- Work instruction -
Please repeat the records below exactly, skipping any pictures.

(Data extract)

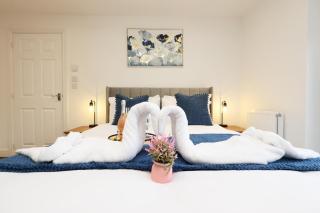 6 Bedroom Cardiff Stylist Home - 4 Free Private Parking - Ideal for Family & Contractors - 5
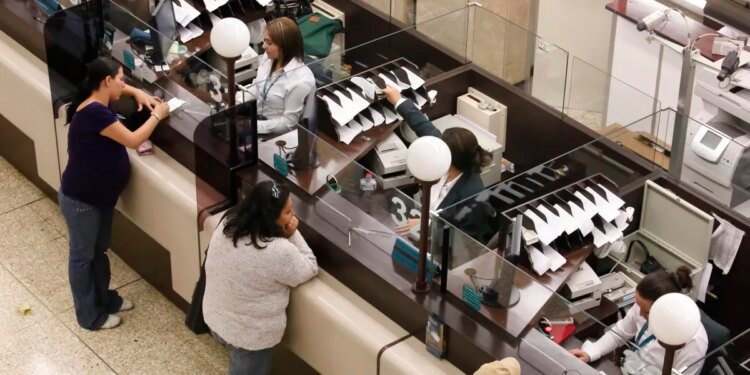 Los bancarios lograron un aumento del 24,8% y el salario mínimo será de $1.747.233,21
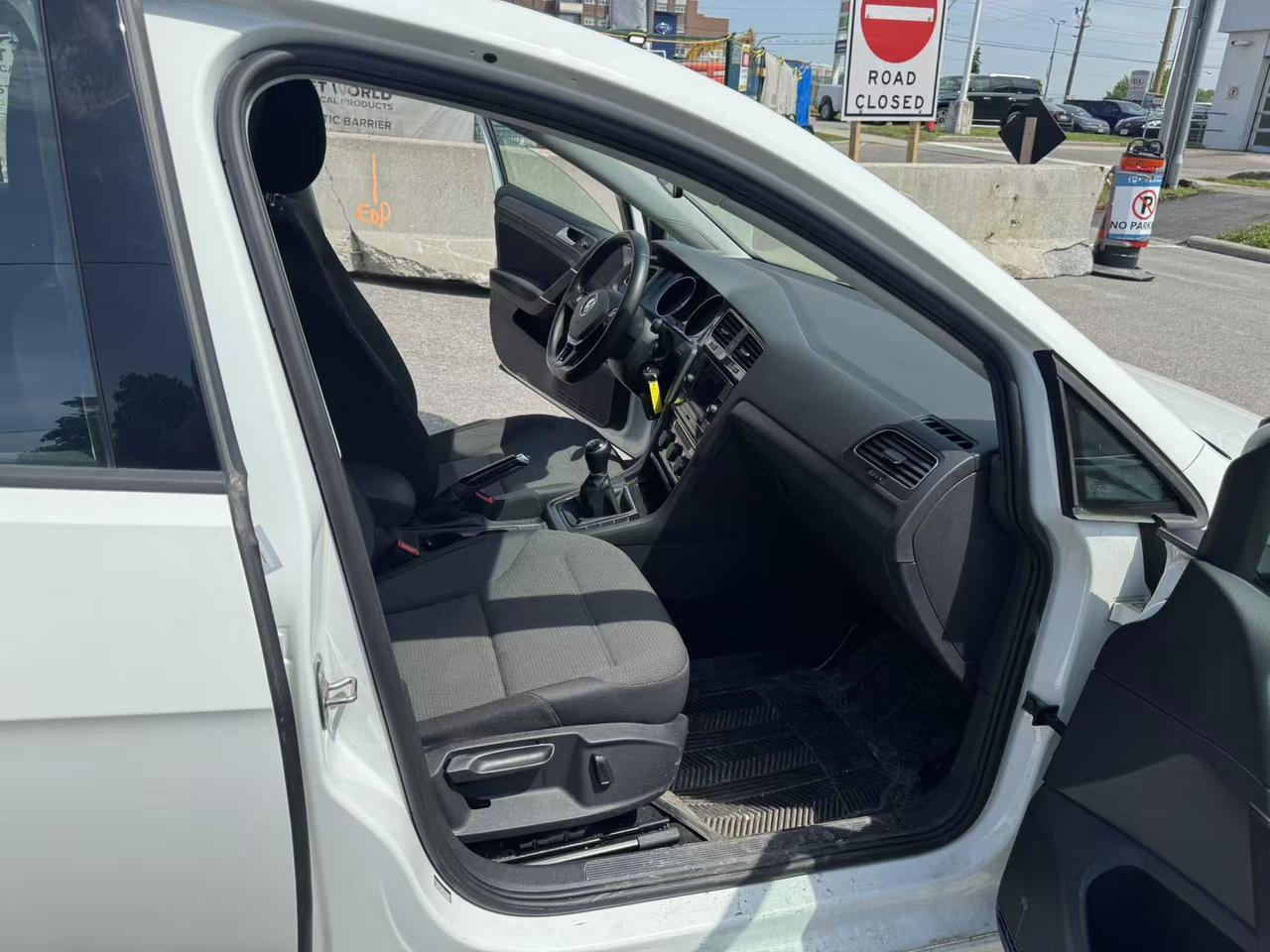 2019 Volkswagen Golf COMFORTLINE Photo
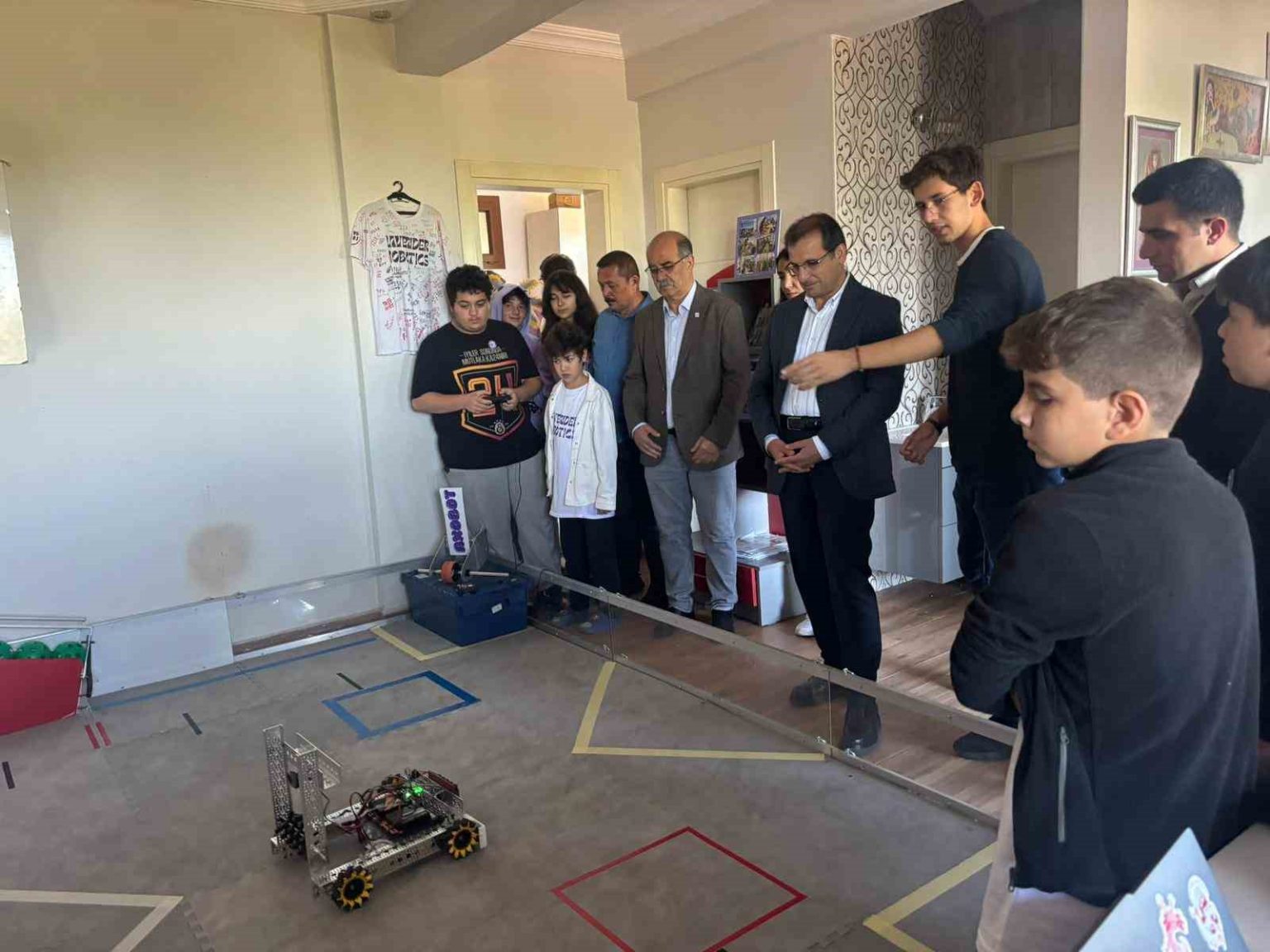 salihli-kaymakami-guldogan-gelecegin-bilim-insanlariyla-bulustu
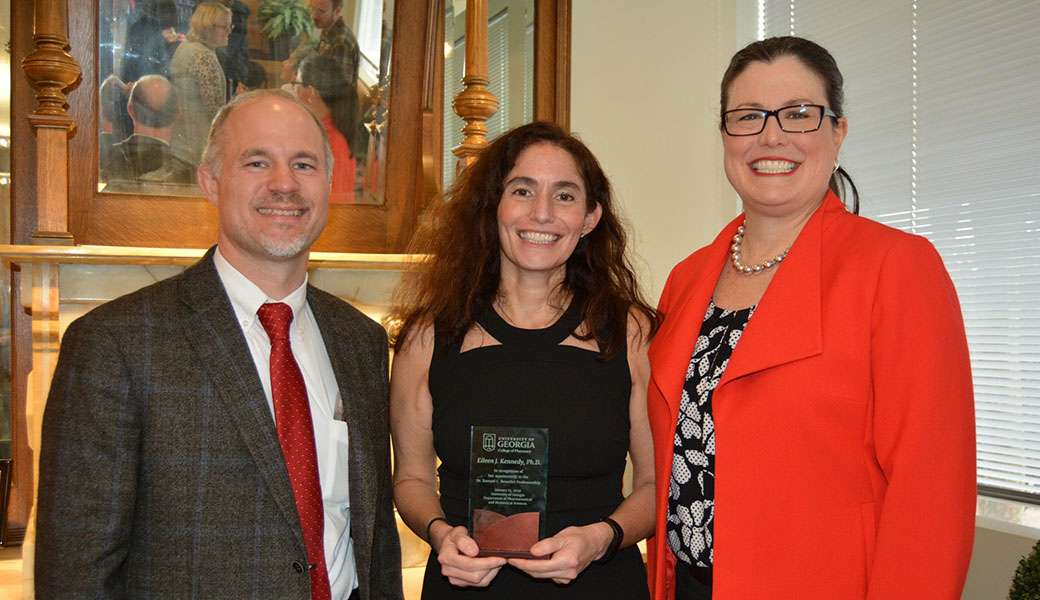 image of Eileen Kennedy receiving award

(End Data extract)

- Task response -
 6 Bedroom Cardiff Stylist Home - 4 Free Private Parking - Ideal for Family & Contractors - 5
 Los bancarios lograron un aumento del 24,8% y el salario mínimo será de $1.747.233,21
 2019 Volkswagen Golf COMFORTLINE Photo
 salihli-kaymakami-guldogan-gelecegin-bilim-insanlariyla-bulustu
 image of Eileen Kennedy receiving award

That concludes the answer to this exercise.